Update: Sensing the likely blowback, one presumes, the Justice Dept. announces it’ll be reviewing Dubya’s “state secrets” claims in due course. “It’s vital that we protect information that if released could jeopardize national security, but the Justice Department will ensure the privilege is not invoked to hide from the American people information about their government’s actions that they have a right to know.” So apparently, the ugly details of our now-defunct(?) extraordinary rendition policy aren’t among the actions we should have any clue about. Ugh…this one definitely goes in the Carcetti file.

Good Riddance, Gitmo.

“It is precisely our ideals which give us the strength and moral high ground to deal with the unthinking violence that we see emanating from terrorism organizations around the world…We are going to win this fight, we are going to win it on our terms.” As hinted soon after the election, it’s finally on its way out: One day after putting a hold on all Gitmo tribunals, the president orders the closing of the national embarrassment at Guantanamo within the year.

“[T]he orders [also] bring to an end a Central Intelligence Agency program that kept terrorism suspects in secret custody for months or years, a practice that has brought fierce criticism from foreign governments and human rights activists.

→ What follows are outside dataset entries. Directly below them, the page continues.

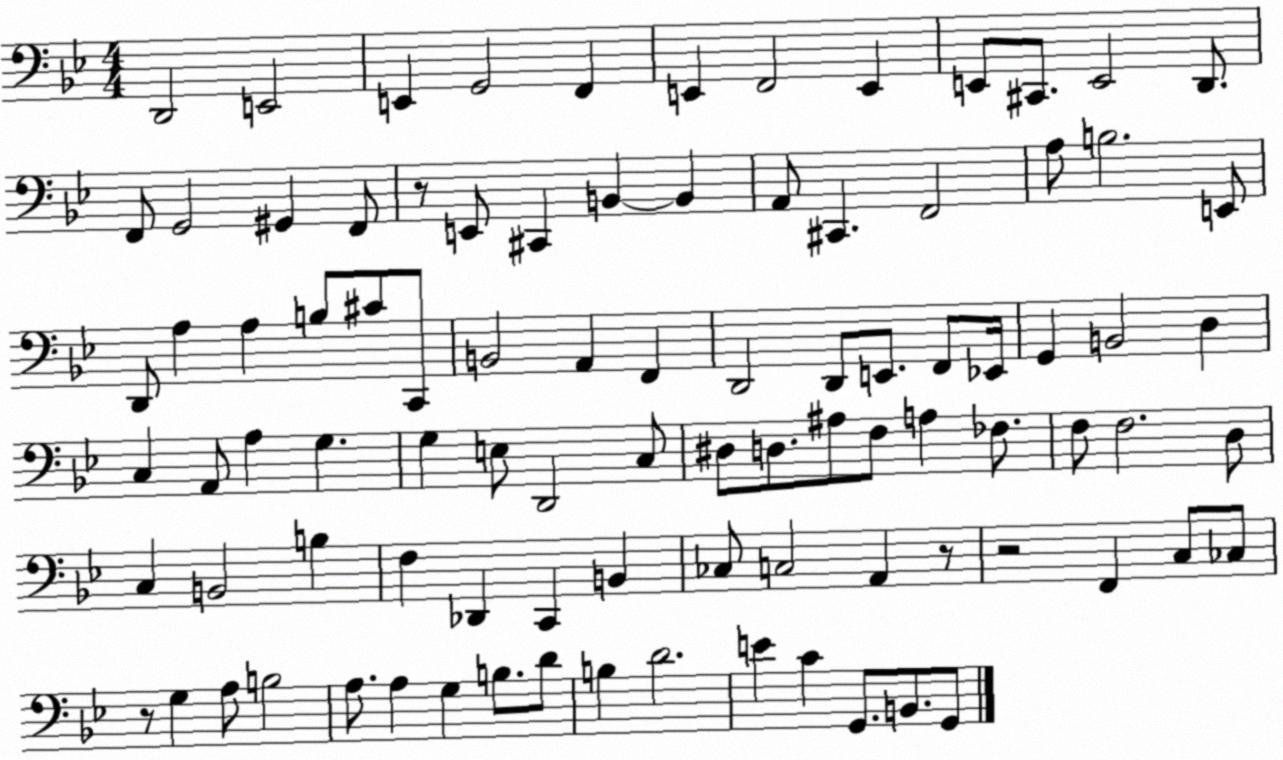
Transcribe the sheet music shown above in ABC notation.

X:1
T:Untitled
M:4/4
L:1/4
K:Bb
D,,2 E,,2 E,, G,,2 F,, E,, F,,2 E,, E,,/2 ^C,,/2 E,,2 D,,/2 F,,/2 G,,2 ^G,, F,,/2 z/2 E,,/2 ^C,, B,, B,, A,,/2 ^C,, F,,2 A,/2 B,2 E,,/2 D,,/2 A, A, B,/2 ^C/2 C,,/2 B,,2 A,, F,, D,,2 D,,/2 E,,/2 F,,/2 _E,,/4 G,, B,,2 D, C, A,,/2 A, G, G, E,/2 D,,2 C,/2 ^D,/2 D,/2 ^A,/2 F,/2 A, _F,/2 F,/2 F,2 D,/2 C, B,,2 B, F, _D,, C,, B,, _C,/2 C,2 A,, z/2 z2 F,, C,/2 _C,/2 z/2 G, A,/2 B,2 A,/2 A, G, B,/2 D/2 B, D2 E C G,,/2 B,,/2 G,,/2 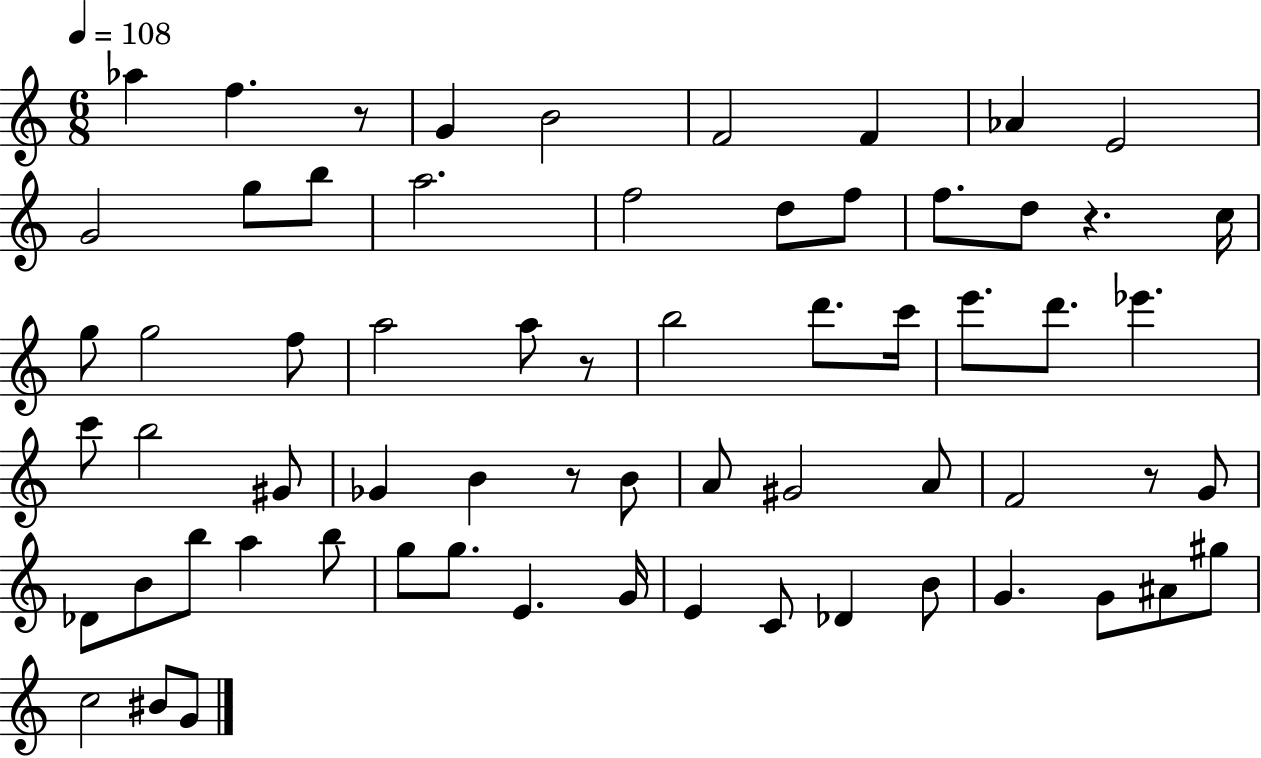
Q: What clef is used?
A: treble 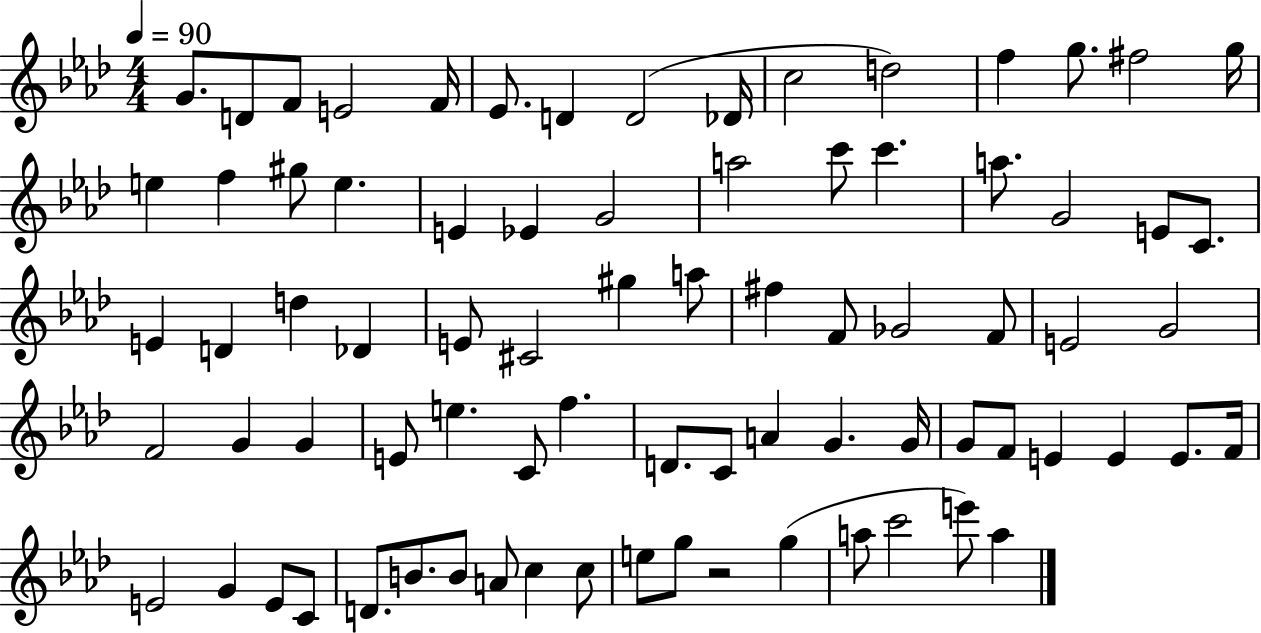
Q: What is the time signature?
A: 4/4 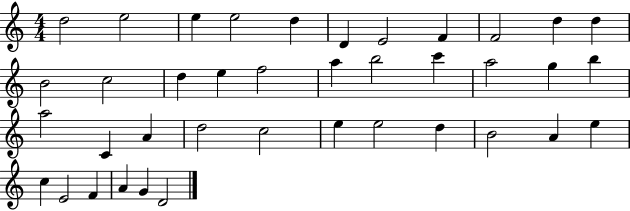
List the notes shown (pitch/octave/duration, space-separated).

They will also prohibit the C.I.A. from using coercive interrogation methods, requiring the agency to follow the same rules used by the military in interrogating terrorism suspects, government officials said.

And there was much rejoicing! We can all breathe a little easier and stand a little taller now that America is actually starting to act like America again. (And, trust me, I won’t shed any tears over dropping the gulag and torture news category here at GitM.)

Btw, the “new sheriff in town” pic above is via The Big Picture’s very worthwhile inaugural collection, as seen at Webgoddess.

Situational Ethics II: Yoo So Crazy.

“We hope the new vice president will not reverse his commitment to the Senate’s constitutional authority.” Uh, the new one? What about the old one? First it was Karl Rove discovering the virtues of executive transparency. Now the walrus and the carpenter of Dubya apparachiks, Johns “Bomb Iran” Bolton and “Torture at will” Yoo respectively, actually have the temerity to sing the praises of congressional oversight in foreign policy. “If Mr. Obama were to submit either of these agreements for approval by a simple majority of the House and Senate, his actions would pose a serious challenge to American principles of law and democratic governance.” Oh, a “serious challenge” to law and democracy, eh? These assholes have no shame.